Dataset.
*** Block opens ***

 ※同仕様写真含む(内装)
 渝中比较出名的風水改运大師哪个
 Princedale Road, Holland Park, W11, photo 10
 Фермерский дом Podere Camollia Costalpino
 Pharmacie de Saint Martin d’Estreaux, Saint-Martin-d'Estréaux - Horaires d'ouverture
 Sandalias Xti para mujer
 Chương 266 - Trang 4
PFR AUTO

*** Block closes ***
*** Block opens ***

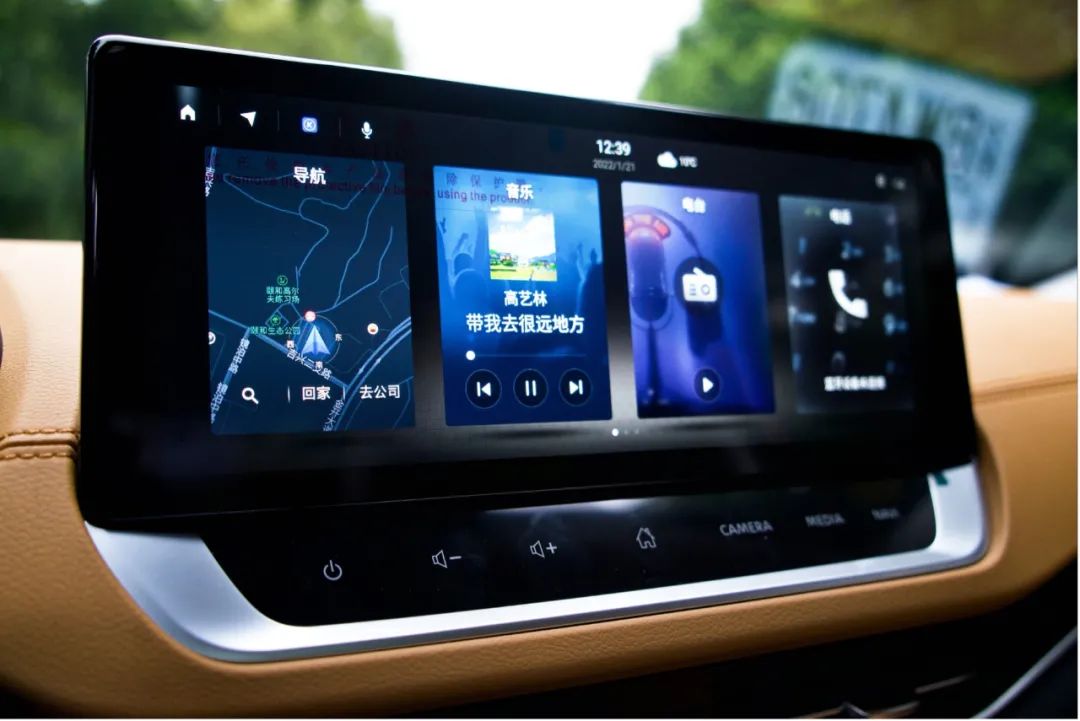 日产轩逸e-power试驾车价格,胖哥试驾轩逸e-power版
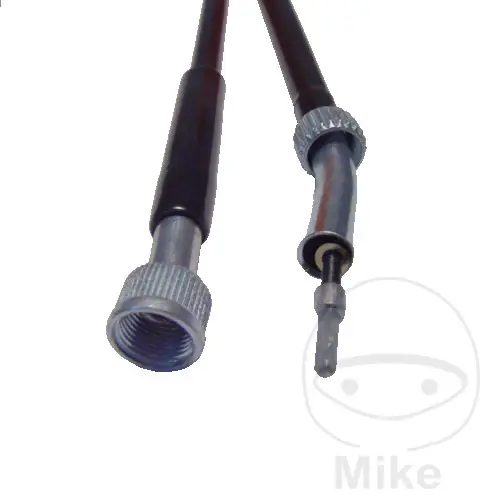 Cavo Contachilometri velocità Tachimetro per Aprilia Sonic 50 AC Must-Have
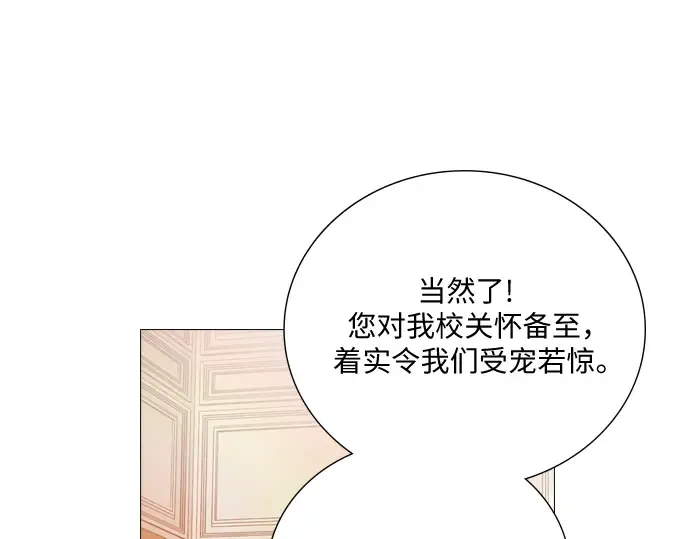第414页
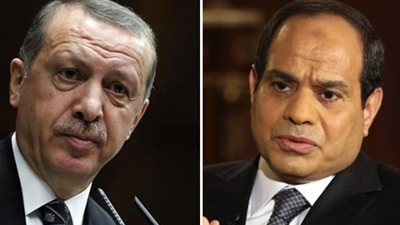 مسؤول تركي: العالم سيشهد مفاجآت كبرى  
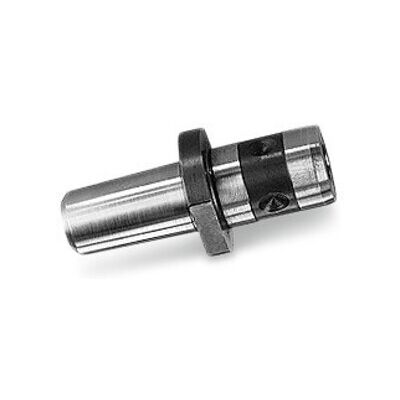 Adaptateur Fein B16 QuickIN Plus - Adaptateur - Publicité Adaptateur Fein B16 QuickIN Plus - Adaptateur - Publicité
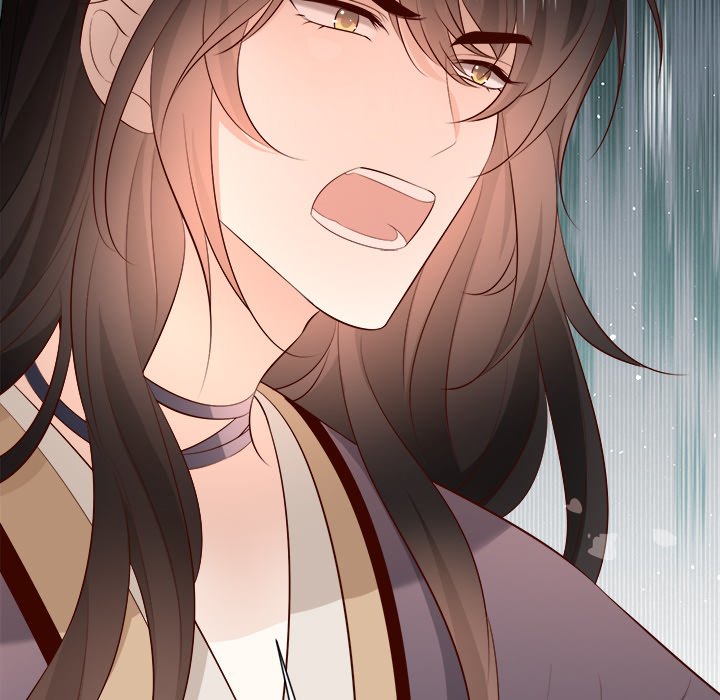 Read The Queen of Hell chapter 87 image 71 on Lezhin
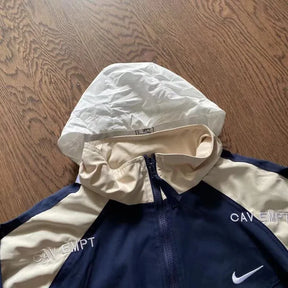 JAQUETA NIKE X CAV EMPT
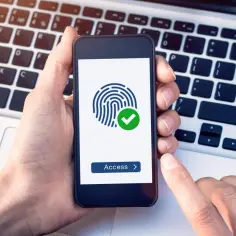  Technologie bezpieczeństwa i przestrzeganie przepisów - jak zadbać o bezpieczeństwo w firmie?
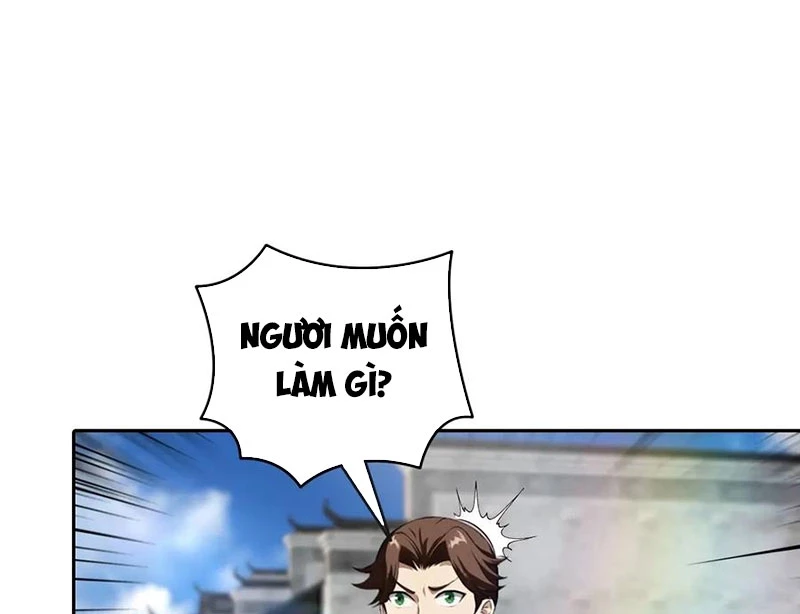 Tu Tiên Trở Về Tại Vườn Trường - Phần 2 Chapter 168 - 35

*** Block closes ***
*** Block opens ***

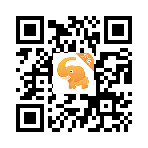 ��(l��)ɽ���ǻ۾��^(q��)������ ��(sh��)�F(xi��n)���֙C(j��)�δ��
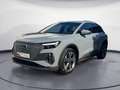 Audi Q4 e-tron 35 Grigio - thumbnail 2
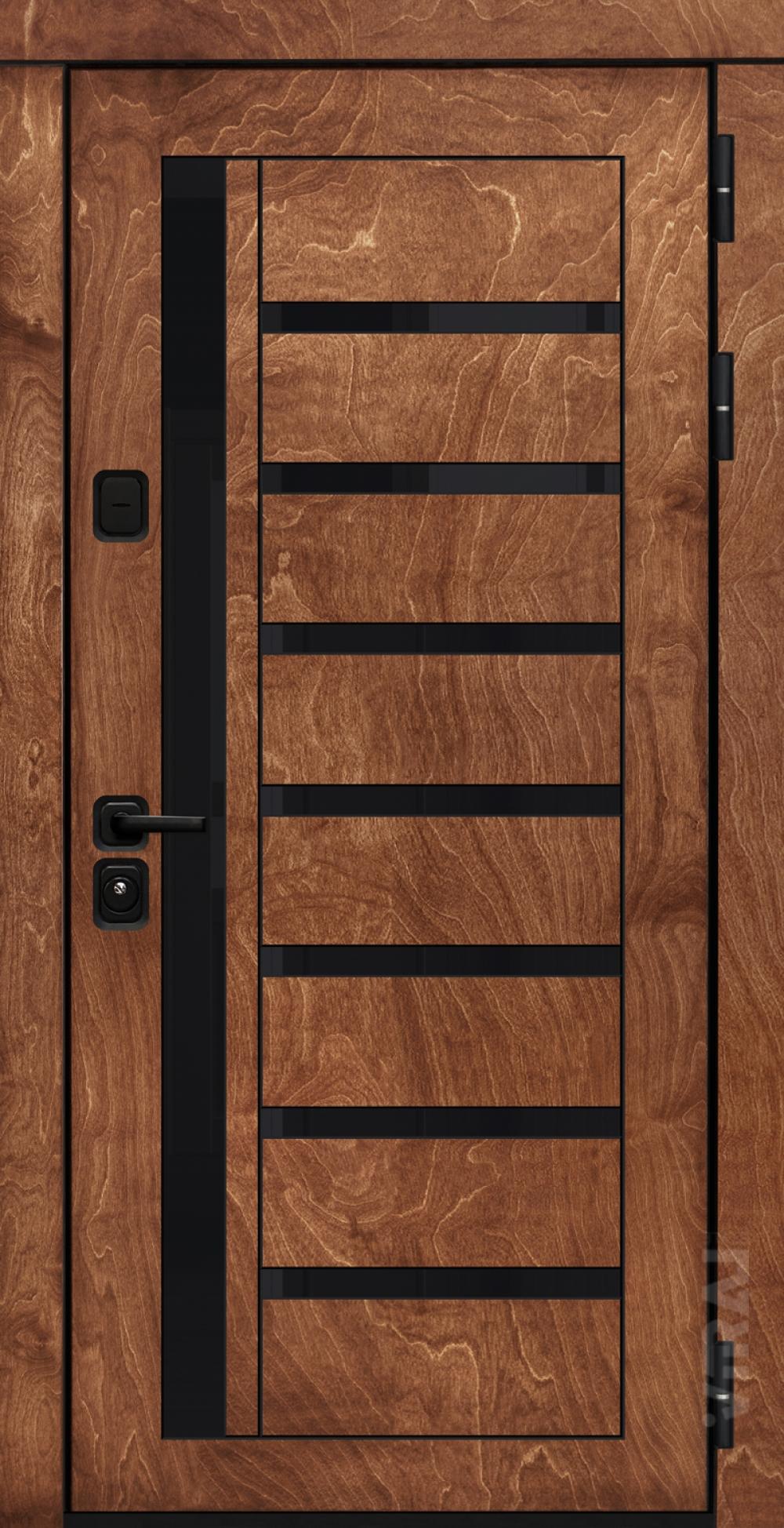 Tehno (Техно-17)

*** Block closes ***

Your task. From the entries above, copy exactly the lines starting at the one with "日产轩逸e-power试驾车价格,胖哥试驾轩逸e-power版" and stopping at the one with "Tu Tiên Trở", keeping both ends. Drop the pictures.

Answer section.
 日产轩逸e-power试驾车价格,胖哥试驾轩逸e-power版
 Cavo Contachilometri velocità Tachimetro per Aprilia Sonic 50 AC Must-Have
第414页
 مسؤول تركي: العالم سيشهد مفاجآت كبرى  
 Adaptateur Fein B16 QuickIN Plus - Adaptateur - Publicité Adaptateur Fein B16 QuickIN Plus - Adaptateur - Publicité
 Read The Queen of Hell chapter 87 image 71 on Lezhin
 JAQUETA NIKE X CAV EMPT
  Technologie bezpieczeństwa i przestrzeganie przepisów - jak zadbać o bezpieczeństwo w firmie?
 Tu Tiên Trở Về Tại Vườn Trường - Phần 2 Chapter 168 - 35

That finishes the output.